In 1956 werd hij genaturaliseerd tot burger van de VS.

In 1963 werd Pais hoogleraar aan de Rockefeller University in New York als hoofd van de sectie theoretische natuurkunde. Hij besloot zijn loopbaan daar als Detlev W. Bronk-professor emeritus.

Wetenschapshistoricus

[bewerken | brontekst bewerken]

Aan het eind van jaren zeventig kreeg Pais belangstelling om de geschiedenis van de moderne natuurkunde te beschrijven, omdat hij vele belangrijke figuren gekend had en zowel de cultuur als de wetenschap beheerste.

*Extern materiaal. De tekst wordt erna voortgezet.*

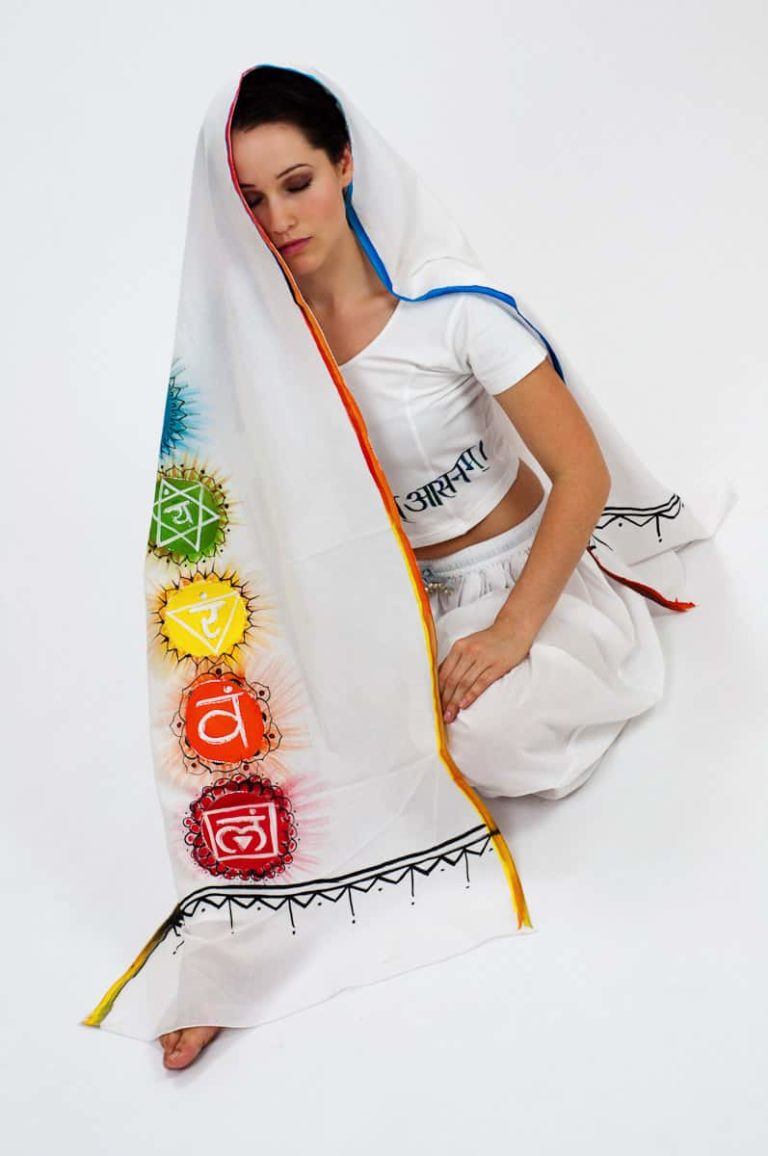 A woman in white practicing kundalini yoga meditation shows what meditation wraps are for by draping one across her head that is painted with brightly coloured chakras.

Pais werd in brede kring bekend door zijn biografie van Albert Einstein, Subtle is the Lord: The science and the life of Albert Einstein (Oxford University Press, 1982), en het vervolg, Einstein Lived Here (Clarendon Press/Oxford University Press, 1994).

Zijn boek Inward Bound: Of matter and forces in the physical world (Clarendon Press/Oxford University Press, 1988) beschrijft de geschiedenis van de natuurkunde in de voorafgaande eeuw.

In 1991 publiceerde hij Niels Bohr's Times: In physics, philosophy, and polity (Clarendon Press/Oxford University Press, 1991).

In 1995 werkte hij samen met Laurie M. Brown en Sir Brian Pippard aan een bundel in drie delen met belangrijke artikelen in de moderne natuurkunde (Twentieth Century Physics (American Institute of Physics and the Institute of Physics, U.K., 1995).

A Tale of Two Continents: A physicist's life in a turbulent world (Princeton University Press, 1997) werd zijn autobiografie.

Zijn boek The Genius of Science: A portrait gallery (Oxford University Press, 2000) bevat biografieën van twaalf beroemde natuurkundigen die hij persoonlijk had gekend, onder meer Paul Dirac, Max Born, Wolfgang Pauli, Mitchell Feigenbaum, John von Neumann, Res Jost, Isidor Rabi, Viktor Weisskopf en Eugene Wigner.

Vlak voor zijn dood werkte Pais nog aan een biografie van Robert Oppenheimer die werd voltooid door Robert P. Crease en na zijn dood uitgegeven als J. Robert Oppenheimer: A life (Oxford University Press, 2006). Het is tot dusver de uitgebreidste biografie van Oppenheimer.

Laatste jaren

[bewerken | brontekst bewerken]

Na zijn pensioen woonden hij en zijn Deense vrouw de helft van de tijd in Denemarken waar hij werkte bij het Niels Bohr-instituut.

Bram Pais overleed op 82-jarige leeftijd in Denemarken aan een hartaanval.